THE PROBLEM:
Lines from the top of the entries down to the line with "Premium King Room" must be set down exactly as they stand, with both ends retained.

*** Opening of SOURCE DATA ***

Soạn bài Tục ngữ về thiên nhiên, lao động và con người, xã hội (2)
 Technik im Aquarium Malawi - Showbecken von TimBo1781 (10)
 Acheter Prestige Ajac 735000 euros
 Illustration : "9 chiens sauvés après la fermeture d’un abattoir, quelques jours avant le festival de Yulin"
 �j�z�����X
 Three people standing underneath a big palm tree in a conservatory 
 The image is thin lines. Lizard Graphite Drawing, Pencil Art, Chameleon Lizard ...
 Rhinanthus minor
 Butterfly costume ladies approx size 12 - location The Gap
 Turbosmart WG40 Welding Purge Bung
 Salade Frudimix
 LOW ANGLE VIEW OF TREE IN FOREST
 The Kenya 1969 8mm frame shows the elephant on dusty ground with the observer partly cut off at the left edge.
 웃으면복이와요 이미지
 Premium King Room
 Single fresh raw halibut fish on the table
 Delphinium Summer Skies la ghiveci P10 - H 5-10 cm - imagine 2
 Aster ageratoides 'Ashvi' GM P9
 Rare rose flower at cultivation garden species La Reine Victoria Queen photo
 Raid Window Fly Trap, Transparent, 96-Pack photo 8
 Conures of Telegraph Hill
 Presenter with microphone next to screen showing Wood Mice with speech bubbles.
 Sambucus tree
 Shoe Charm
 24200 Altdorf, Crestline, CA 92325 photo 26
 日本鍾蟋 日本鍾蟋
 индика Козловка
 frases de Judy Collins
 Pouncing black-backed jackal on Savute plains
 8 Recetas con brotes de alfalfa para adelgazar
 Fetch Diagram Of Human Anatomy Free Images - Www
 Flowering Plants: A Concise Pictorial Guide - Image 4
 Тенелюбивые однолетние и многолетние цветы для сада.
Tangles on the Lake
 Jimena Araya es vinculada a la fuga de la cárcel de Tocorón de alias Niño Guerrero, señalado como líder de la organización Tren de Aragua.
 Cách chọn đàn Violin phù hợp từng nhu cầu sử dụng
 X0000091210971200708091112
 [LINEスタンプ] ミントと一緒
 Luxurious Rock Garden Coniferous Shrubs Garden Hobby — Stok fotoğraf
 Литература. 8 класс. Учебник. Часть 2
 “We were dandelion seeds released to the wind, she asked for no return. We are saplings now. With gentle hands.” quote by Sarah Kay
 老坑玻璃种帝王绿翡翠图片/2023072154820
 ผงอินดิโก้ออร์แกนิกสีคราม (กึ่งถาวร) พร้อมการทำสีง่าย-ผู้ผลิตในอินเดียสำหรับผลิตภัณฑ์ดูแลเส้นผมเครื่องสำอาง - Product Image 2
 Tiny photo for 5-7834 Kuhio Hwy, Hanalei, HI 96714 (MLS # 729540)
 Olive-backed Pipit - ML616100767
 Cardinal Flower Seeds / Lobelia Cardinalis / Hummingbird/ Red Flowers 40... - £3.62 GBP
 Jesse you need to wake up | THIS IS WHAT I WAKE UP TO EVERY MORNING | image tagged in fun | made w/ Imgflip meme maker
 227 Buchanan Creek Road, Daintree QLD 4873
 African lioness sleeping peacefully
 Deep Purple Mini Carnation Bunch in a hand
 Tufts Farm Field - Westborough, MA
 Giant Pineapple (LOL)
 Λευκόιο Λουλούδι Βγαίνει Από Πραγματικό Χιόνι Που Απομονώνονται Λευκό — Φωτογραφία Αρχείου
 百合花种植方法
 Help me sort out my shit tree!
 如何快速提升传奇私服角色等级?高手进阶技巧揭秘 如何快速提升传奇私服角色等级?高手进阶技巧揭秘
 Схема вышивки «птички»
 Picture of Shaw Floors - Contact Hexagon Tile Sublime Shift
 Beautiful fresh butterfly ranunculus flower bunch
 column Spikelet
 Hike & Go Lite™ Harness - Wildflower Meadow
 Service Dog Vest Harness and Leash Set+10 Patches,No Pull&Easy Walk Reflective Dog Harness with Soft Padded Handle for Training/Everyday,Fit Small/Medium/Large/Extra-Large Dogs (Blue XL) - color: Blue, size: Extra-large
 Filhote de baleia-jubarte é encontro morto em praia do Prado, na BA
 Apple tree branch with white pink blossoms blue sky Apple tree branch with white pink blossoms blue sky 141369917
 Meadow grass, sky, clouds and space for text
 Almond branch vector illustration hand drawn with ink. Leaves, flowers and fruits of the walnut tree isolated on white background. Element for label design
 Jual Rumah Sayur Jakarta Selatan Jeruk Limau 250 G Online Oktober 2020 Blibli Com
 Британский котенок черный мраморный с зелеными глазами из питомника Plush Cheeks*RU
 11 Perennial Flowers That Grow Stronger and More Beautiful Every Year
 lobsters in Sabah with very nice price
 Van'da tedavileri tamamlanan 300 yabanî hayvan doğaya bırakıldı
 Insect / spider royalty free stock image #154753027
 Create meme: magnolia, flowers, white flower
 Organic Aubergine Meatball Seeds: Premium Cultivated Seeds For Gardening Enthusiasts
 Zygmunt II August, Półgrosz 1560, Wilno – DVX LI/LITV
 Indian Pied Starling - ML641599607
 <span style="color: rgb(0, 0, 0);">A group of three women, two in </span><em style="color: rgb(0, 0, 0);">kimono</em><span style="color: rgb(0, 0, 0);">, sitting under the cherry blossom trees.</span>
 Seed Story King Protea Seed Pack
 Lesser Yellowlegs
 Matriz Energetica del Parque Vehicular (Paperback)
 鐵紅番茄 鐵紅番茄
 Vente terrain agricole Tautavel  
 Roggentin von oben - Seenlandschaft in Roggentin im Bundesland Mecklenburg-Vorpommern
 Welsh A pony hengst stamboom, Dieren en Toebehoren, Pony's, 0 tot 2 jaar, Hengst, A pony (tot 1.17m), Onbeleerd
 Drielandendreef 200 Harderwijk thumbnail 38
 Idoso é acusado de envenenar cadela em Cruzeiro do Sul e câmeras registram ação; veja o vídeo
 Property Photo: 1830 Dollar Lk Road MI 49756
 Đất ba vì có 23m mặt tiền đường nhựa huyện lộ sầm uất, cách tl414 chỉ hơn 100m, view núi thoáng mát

*** Close of SOURCE DATA ***

ANSWER FOR THE TASK:
Soạn bài Tục ngữ về thiên nhiên, lao động và con người, xã hội (2)
 Technik im Aquarium Malawi - Showbecken von TimBo1781 (10)
 Acheter Prestige Ajac 735000 euros
 Illustration : "9 chiens sauvés après la fermeture d’un abattoir, quelques jours avant le festival de Yulin"
 �j�z�����X
 Three people standing underneath a big palm tree in a conservatory 
 The image is thin lines. Lizard Graphite Drawing, Pencil Art, Chameleon Lizard ...
 Rhinanthus minor
 Butterfly costume ladies approx size 12 - location The Gap
 Turbosmart WG40 Welding Purge Bung
 Salade Frudimix
 LOW ANGLE VIEW OF TREE IN FOREST
 The Kenya 1969 8mm frame shows the elephant on dusty ground with the observer partly cut off at the left edge.
 웃으면복이와요 이미지
 Premium King Room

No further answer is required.